Most of it comes from people who have next to no experience of using public transit, and will just latch onto any excuse not to use it, when in reality they're snobs who don't like to admit that they think getting the bus is below them. It's not. I used to get the bus into college with one of my lecturers (RIP) who owned a fucking law firm, and it keeps people humble in my experience. I honestly think society would be healthier if people used public transit more.
I would be all of the above if I could afford one of those fancy, low down bikes with the pedals out front.
I also really like zeppelins and blimps and wish we lived in a sci-fi alternate universe where we had those instead of planes. Or along side planes at very least.
Duuuude I'm 3 of them!! I just don't understand money at a grand scale enough to be into one tax system over another. Seems neat the way you explain it but I really don't fucking understand money like that.
Ha, don't worry about the LVT and Georgism. A lot of the reasoning gets more technical into economics, but probably the most important thing to know is that LVT is simply a really good tax with very desirable properties (especially from an urbanist/YIMBY/anti-car perspective), and it is widely regarded by economists. You definitely don't even have to be Georgist to support LVT; the mayor of Detroit, Mike Duggan, is heavily pushing for LVT in Detroit despite not even having heard of Georgism until recently when a journalist with the New York Times pointed it out to him.

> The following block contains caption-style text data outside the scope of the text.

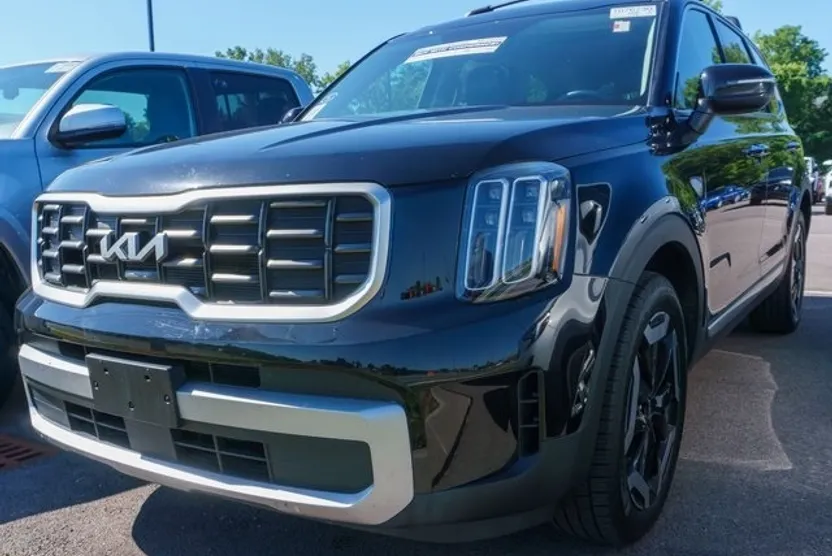 2023 Kia Telluride S photo 1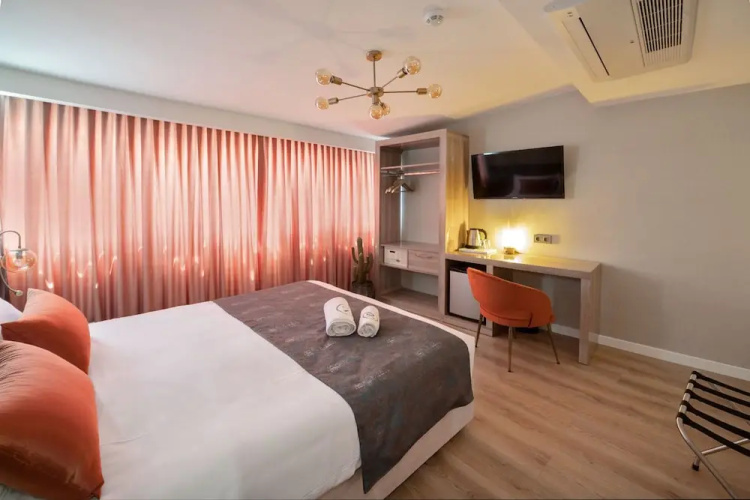 Nika Otel & Cafe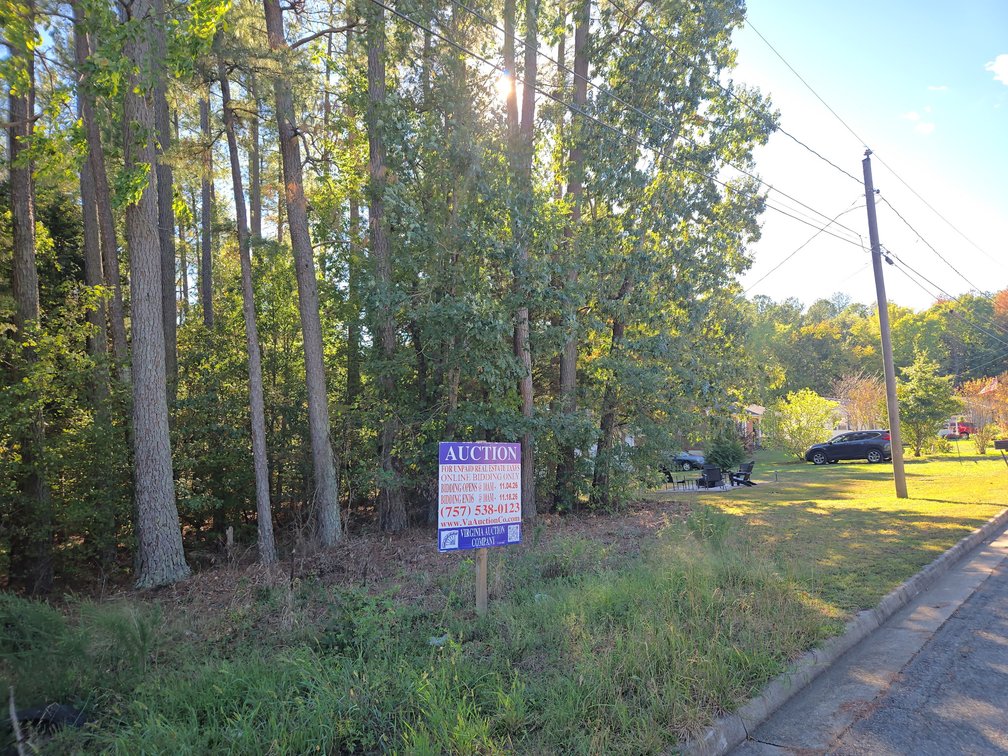 Lot 9 - Right of 73 Poplar Creek St., South Boston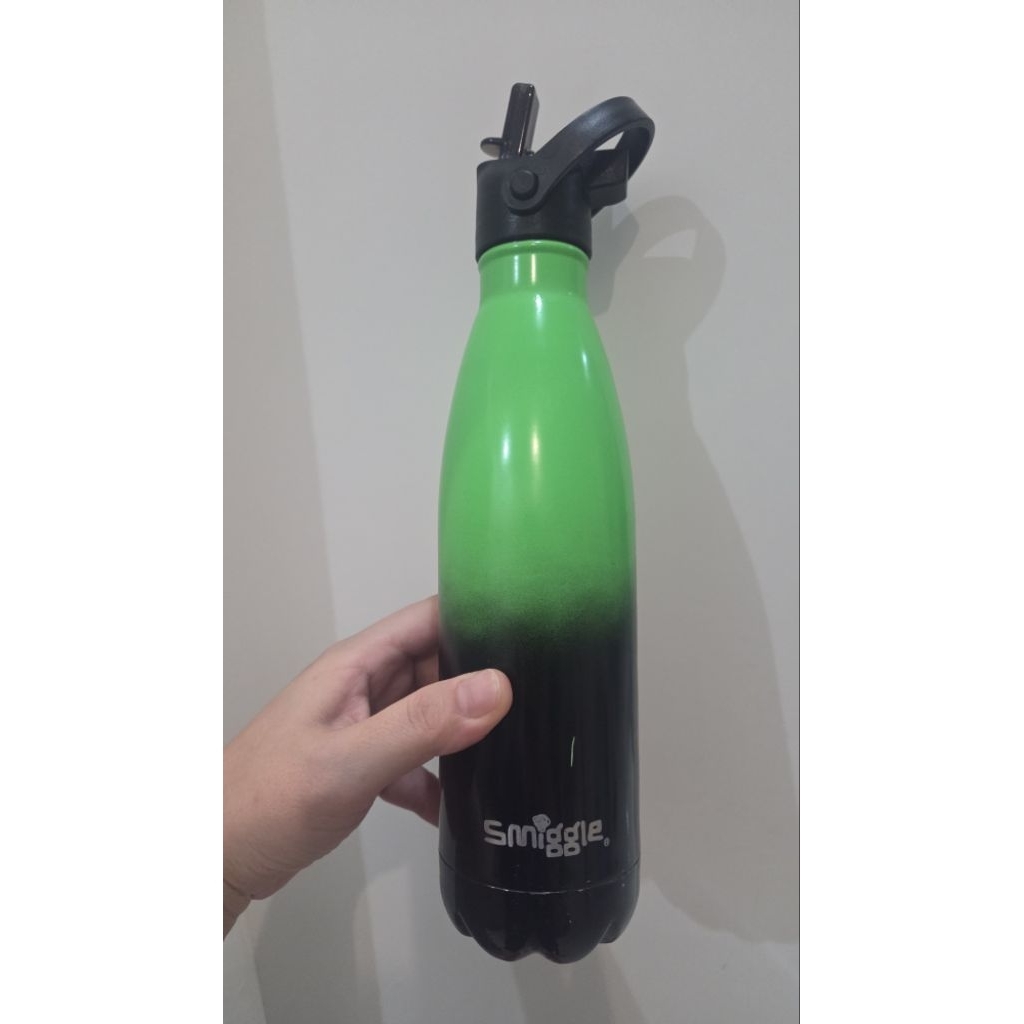 PRELOVED BOTOL MINUM STAINLESS SMIGGLE ORIGINAL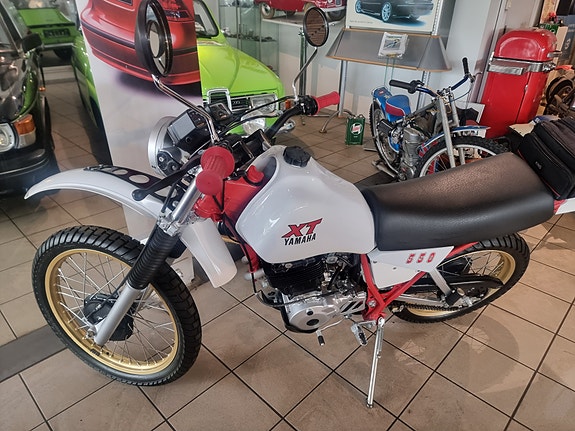 Yamaha XT 550 2 of 20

Mostly yimby and public transit enjoyer. I just find a bus or a train to be a much more comfortable way to reach my destination than a bike (although I do love biking too) or a car
Public Transit Enjoyer
-love the smell of urine at the stops and elevators
-enjoy filthy music from a speaker in a fellow rider’s back pocket that is looking for confrontation
-take in bit of cigarette smoke from someone who could care less and lights up in the cart.
I’ve had many good public transit experiences, when any of those happen it just sucks
One thing of note. There is no such thing as just a "cyclist". There are cycling commuters, and cycling enthusiast (the description seems to be some strange combo of the two), and the only overlap between the two is that they each use two pedals (but the pedals themselves are completely different).
but the pedals themselves are completely different
I sometimes commute in clip-in pedals (I refuse to call them "clipless" because even though I understand how that name came about, I still think it's bullshit).
When your commute is long enough and/or hilly enough the extra power transfer really helps, and the security in your connection is a big help up hills.
I fit it to a T when I was young... Never wore a helmet despite being hit by cars on several occasions. That all changed the one time I hit a pedestrian.
Time to invest in public infrastructure and public care. People in my area pay a tax/fee for waste management in local taxes, I guess it's time to include and priorise waste management along traffic corridors. Don't forget proper payment and facilitate unionisation.